[Data extracted from a collection]

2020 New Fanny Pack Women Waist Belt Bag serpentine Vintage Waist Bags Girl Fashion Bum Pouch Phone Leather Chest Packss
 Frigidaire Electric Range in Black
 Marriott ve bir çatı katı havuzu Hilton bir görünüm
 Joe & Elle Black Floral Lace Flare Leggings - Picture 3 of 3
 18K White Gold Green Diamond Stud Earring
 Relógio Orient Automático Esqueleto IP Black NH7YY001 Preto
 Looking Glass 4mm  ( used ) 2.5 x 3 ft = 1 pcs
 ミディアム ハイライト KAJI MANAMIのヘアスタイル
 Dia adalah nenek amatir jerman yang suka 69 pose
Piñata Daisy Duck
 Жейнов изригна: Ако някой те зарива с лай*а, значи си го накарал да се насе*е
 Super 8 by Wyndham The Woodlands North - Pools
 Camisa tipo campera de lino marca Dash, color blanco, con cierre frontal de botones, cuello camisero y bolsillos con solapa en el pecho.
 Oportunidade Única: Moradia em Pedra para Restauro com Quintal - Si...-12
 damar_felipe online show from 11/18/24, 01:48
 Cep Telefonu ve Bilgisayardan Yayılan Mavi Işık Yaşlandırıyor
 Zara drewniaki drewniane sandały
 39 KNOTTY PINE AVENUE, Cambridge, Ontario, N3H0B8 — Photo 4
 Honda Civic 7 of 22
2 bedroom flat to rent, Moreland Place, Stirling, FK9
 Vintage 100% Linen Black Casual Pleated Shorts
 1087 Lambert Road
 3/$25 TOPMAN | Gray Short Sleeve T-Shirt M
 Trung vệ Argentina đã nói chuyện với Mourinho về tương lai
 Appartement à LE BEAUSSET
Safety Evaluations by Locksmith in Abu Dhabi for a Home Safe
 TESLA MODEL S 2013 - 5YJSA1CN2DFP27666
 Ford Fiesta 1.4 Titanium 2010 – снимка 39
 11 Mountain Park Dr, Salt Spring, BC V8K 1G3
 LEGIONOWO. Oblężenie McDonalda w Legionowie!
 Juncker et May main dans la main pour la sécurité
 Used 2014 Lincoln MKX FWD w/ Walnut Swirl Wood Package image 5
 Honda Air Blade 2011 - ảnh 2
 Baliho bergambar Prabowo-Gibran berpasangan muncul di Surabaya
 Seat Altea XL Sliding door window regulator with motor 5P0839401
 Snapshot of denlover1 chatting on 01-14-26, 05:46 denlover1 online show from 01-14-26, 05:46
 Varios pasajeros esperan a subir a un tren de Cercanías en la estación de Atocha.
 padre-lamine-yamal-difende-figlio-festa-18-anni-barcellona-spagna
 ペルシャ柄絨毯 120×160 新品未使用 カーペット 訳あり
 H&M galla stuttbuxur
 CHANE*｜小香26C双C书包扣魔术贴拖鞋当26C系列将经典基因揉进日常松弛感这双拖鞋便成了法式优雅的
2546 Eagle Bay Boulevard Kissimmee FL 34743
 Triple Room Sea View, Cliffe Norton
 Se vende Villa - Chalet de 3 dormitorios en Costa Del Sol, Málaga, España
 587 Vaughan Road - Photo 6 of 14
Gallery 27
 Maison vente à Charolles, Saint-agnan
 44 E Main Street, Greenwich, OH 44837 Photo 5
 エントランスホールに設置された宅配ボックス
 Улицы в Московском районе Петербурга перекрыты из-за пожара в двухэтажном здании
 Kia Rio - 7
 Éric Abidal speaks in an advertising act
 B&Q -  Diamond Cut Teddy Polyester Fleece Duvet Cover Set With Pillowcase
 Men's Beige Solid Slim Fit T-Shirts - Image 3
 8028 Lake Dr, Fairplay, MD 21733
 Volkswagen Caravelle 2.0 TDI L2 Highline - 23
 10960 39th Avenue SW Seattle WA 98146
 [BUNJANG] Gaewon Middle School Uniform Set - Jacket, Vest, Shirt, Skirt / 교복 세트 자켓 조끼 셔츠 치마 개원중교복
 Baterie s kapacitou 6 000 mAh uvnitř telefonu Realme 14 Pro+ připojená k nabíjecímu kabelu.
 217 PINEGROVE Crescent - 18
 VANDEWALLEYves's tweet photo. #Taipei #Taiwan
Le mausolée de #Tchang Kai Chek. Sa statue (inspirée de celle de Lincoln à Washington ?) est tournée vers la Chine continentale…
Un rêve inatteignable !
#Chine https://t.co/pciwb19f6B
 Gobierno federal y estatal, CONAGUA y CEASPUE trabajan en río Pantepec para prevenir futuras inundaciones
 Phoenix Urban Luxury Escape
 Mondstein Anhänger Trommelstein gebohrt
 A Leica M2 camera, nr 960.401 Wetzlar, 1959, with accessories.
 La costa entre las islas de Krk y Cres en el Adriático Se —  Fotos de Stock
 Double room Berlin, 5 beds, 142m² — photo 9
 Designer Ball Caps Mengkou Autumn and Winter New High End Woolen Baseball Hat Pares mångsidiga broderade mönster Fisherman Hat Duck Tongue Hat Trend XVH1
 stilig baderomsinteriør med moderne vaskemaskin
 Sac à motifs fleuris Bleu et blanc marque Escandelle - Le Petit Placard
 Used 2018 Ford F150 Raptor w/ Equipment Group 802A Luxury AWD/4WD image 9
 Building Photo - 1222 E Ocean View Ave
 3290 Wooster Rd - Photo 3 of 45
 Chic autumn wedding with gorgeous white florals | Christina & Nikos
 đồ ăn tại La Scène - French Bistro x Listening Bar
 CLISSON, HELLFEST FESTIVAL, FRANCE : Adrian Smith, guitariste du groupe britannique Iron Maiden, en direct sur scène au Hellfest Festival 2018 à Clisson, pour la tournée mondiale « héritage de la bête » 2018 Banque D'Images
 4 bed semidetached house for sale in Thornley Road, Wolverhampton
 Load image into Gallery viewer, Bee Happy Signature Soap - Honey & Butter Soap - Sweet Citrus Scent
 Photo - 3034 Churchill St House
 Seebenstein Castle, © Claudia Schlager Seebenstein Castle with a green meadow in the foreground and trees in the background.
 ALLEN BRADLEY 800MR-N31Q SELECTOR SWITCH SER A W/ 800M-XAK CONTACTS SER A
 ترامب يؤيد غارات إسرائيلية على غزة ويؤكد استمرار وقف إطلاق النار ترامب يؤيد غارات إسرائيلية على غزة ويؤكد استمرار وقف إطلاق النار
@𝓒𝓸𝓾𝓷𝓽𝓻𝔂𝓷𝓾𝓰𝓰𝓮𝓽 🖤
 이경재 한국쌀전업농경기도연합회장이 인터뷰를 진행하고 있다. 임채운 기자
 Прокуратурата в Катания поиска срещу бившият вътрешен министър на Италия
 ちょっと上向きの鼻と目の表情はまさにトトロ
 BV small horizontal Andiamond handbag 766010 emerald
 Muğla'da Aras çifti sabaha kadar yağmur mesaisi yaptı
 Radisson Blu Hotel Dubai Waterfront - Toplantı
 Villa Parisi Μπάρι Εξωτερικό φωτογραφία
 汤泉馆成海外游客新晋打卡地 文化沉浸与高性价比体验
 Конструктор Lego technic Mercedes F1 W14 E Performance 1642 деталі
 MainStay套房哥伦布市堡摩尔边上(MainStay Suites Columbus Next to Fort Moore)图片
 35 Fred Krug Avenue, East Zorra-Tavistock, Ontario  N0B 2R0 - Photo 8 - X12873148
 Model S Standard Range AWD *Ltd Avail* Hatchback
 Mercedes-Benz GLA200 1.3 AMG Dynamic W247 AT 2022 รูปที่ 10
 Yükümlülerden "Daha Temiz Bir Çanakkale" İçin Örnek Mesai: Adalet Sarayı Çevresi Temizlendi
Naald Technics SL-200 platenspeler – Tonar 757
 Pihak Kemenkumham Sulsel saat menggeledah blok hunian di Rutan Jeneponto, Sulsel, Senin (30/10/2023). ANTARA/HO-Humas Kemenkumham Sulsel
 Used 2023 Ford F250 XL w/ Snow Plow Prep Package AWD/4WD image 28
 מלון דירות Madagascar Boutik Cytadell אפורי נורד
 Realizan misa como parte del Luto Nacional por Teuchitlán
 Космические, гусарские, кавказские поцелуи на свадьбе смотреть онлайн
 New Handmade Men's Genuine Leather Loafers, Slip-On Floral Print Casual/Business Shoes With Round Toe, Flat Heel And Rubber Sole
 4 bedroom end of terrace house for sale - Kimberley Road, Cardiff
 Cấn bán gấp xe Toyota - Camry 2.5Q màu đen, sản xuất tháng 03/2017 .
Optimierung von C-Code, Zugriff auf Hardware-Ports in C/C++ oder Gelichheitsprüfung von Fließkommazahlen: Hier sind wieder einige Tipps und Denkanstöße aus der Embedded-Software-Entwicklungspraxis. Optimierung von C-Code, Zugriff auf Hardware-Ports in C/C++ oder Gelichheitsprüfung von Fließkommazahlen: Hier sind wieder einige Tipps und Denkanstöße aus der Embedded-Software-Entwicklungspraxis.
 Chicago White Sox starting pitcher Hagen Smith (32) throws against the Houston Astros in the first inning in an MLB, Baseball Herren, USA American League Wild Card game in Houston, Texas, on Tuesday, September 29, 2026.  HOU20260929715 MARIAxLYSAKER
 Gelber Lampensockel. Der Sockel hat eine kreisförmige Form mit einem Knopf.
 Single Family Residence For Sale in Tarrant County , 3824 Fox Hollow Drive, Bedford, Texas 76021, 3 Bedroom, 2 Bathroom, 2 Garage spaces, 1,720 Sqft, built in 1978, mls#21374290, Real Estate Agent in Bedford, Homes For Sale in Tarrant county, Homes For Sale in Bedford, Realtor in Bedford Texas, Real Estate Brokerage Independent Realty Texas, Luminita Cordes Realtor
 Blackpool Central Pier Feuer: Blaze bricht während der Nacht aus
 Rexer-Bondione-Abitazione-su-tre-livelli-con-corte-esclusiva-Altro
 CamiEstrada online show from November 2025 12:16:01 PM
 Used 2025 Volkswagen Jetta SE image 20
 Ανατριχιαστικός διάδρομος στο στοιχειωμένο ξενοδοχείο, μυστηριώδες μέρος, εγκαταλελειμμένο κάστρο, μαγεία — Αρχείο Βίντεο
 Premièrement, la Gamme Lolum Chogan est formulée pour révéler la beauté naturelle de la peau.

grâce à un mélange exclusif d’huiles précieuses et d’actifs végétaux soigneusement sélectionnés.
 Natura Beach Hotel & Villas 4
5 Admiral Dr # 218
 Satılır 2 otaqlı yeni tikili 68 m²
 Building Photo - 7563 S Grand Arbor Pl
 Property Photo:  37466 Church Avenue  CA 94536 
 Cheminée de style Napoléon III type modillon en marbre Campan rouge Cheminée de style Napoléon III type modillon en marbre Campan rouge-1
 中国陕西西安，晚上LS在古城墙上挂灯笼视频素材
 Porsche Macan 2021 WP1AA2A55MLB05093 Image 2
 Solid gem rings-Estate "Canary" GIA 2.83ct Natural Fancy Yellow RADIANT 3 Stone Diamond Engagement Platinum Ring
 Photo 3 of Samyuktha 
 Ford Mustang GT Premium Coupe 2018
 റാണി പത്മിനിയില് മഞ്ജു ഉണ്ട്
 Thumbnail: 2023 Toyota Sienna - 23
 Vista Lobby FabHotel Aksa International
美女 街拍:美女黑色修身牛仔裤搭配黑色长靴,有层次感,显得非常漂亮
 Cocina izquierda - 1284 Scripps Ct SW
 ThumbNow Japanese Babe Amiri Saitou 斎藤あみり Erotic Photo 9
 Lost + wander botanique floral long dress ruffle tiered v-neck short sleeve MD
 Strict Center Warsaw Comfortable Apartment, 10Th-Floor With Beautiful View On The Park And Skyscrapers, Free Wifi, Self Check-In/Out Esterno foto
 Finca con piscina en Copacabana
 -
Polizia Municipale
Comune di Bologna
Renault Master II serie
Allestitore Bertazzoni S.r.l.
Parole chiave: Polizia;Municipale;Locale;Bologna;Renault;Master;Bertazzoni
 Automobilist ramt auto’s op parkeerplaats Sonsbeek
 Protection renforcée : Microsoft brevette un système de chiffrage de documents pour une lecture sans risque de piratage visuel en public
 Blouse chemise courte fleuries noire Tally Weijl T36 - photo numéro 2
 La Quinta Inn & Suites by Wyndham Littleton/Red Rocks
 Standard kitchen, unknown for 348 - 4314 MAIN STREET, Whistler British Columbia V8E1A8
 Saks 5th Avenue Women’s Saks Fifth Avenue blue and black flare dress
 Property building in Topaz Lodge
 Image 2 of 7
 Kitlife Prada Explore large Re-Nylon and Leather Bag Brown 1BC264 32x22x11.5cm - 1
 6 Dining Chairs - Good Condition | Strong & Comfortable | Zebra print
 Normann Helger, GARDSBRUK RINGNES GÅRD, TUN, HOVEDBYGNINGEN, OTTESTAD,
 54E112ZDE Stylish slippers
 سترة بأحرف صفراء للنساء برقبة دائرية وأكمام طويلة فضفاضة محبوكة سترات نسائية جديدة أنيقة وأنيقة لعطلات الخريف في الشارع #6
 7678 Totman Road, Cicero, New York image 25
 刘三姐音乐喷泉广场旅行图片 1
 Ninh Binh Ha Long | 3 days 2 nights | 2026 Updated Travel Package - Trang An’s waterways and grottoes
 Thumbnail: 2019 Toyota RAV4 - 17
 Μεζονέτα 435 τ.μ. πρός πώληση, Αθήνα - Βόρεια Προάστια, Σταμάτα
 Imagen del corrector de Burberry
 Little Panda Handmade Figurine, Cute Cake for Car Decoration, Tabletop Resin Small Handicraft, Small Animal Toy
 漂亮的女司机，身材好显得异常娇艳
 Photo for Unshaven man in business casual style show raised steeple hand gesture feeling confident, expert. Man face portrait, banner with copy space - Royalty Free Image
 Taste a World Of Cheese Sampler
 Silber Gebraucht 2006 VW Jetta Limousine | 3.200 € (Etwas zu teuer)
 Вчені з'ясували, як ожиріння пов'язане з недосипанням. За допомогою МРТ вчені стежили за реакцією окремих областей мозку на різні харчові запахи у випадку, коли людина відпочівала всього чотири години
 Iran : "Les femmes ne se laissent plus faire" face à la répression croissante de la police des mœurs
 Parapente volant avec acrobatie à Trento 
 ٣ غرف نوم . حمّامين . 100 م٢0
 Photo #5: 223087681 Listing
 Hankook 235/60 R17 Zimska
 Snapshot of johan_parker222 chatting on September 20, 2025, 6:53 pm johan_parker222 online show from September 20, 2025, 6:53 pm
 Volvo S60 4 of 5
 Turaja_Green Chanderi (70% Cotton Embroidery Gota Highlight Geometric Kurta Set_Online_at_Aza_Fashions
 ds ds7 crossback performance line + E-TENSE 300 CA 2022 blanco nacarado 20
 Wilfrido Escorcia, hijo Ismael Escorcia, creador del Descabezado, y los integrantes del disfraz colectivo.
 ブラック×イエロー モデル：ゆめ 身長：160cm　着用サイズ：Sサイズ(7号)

Task instructions: Exactly the lines from the one holding "Wilfrido Escorcia, hijo" through the end of the records above are to be returned, and nothing else.

Finished exercise:
 Wilfrido Escorcia, hijo Ismael Escorcia, creador del Descabezado, y los integrantes del disfraz colectivo.
 ブラック×イエロー モデル：ゆめ 身長：160cm　着用サイズ：Sサイズ(7号)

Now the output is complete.